Mentre l’Occidente fa a gara per dimostrare all’Iran la buona disponibilità per un reapprochment, il regime iraniano continua ad inveire come un cane rabbioso contro tutti e tutto. Ecco allora che, senza dignita’, il Generale dei Pasdaran Ahmad Reza Pourdestan, comandante delle forze di terra, ritira fuori addirittura le peggiori teorie cospirazioniste per attaccare gli Stati Uniti. Parlando al canale TV Al Alam, canale in arabo del regime iraniano, il Generale Pourdestan ha accusato gli americani di aver organizzato l’11 settembre 2001, al solo scopo di occupare il Medioriente ed impedire l’unione fra sciiti e sunnite. Una unione, ovviamente, che si sarebbe realizzata sotto la bandiera della Repubblica Islamica dell’Iran. Ovviamente, neanche a dirlo, il Generale iraniano non menziona la soddisfazione espressa dai rappresentanti del regime iraniano per la fine del potere dei Talebani e di Saddam Hussein, due arcinemici dei Teheran (tanto che qualcuno oggi parla di due guerre Occidentali “combattute per l’Iran”).
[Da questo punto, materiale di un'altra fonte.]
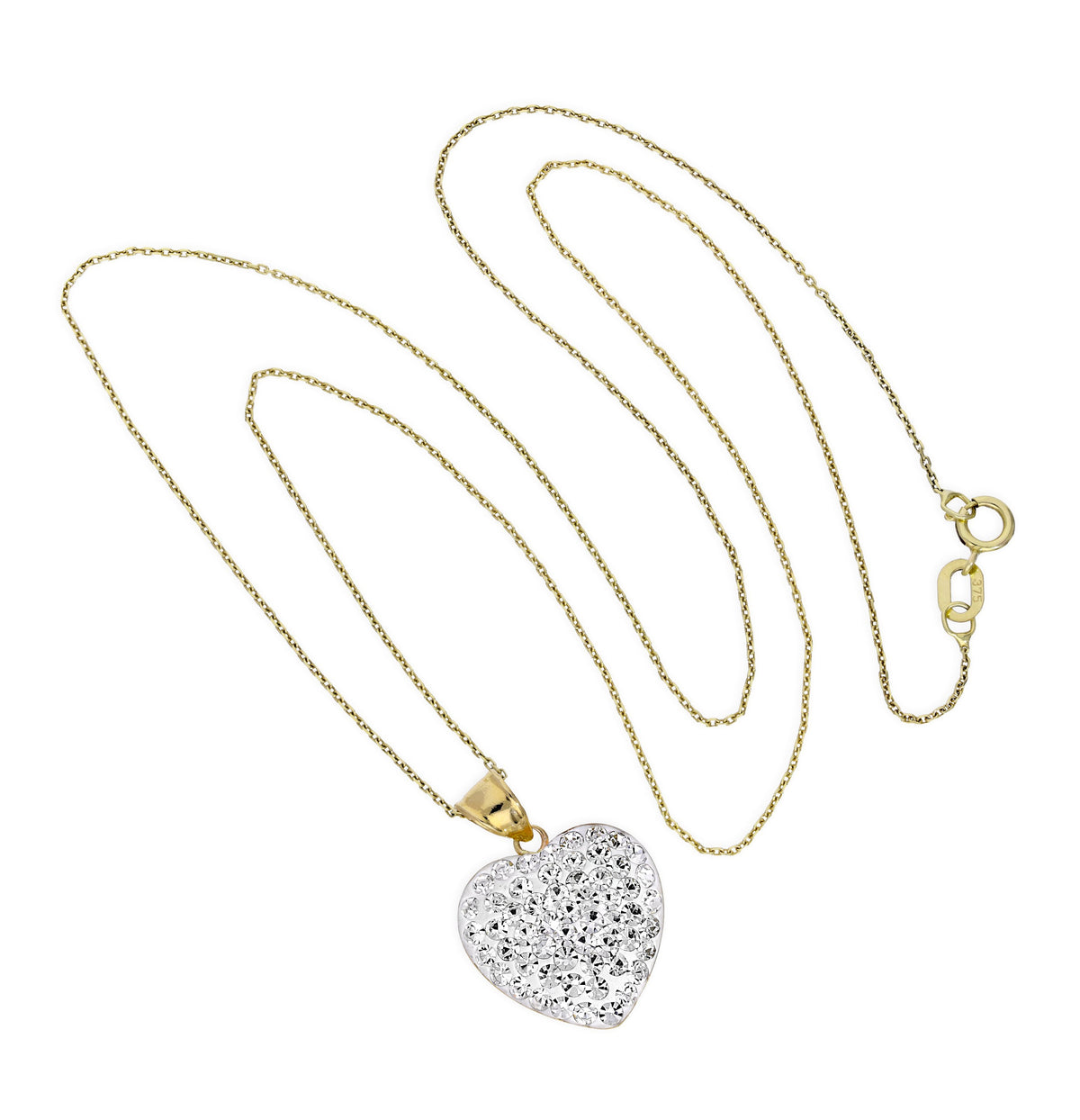 Collier pendentif cœur incrusté de cristaux CZ transparents et or 9 carats, 40 à 50 cm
Non basta: dopo la lezione di cospirazione – degna di Giulietto Chiesa – il Generale iraniano passa alle minacce concrete, rivolgendosi all’Arabia Saudita. Parlando di Yemen e del potere degli Houti (i proxy di Teheran), il Generale Pourdestan rimarca che se le città saudite fossero colpire da bombe e missili, i rappresentanti di Riyadh avrebbero difficoltà’ a reggere il peso dell’attacco. Il significato e’ molto chiaro: si tratta di una chiara minaccia di esportare il terrorismo iraniano sul suolo saudita, allo scopo di provocare una rivolta interna e far cadere la monarchia degli Al Saud. Ancora una volta, quindi, il regime iraniano si connota per la sua reale natura: un elemento di instabilità regionale e la prima causa della guerra settaria attualmente in corso nel mondo islamico fra lo sciismo Khomeinista e il mondo sunnita. Una guerra che, senza se e senza ma, chiarisce quanta ingenuità ci sia in coloro che vedono nella Repubblica Islamica – e in una alleanza con questo regime – una via per risolvere le crisi in corso nella regione mediorientale.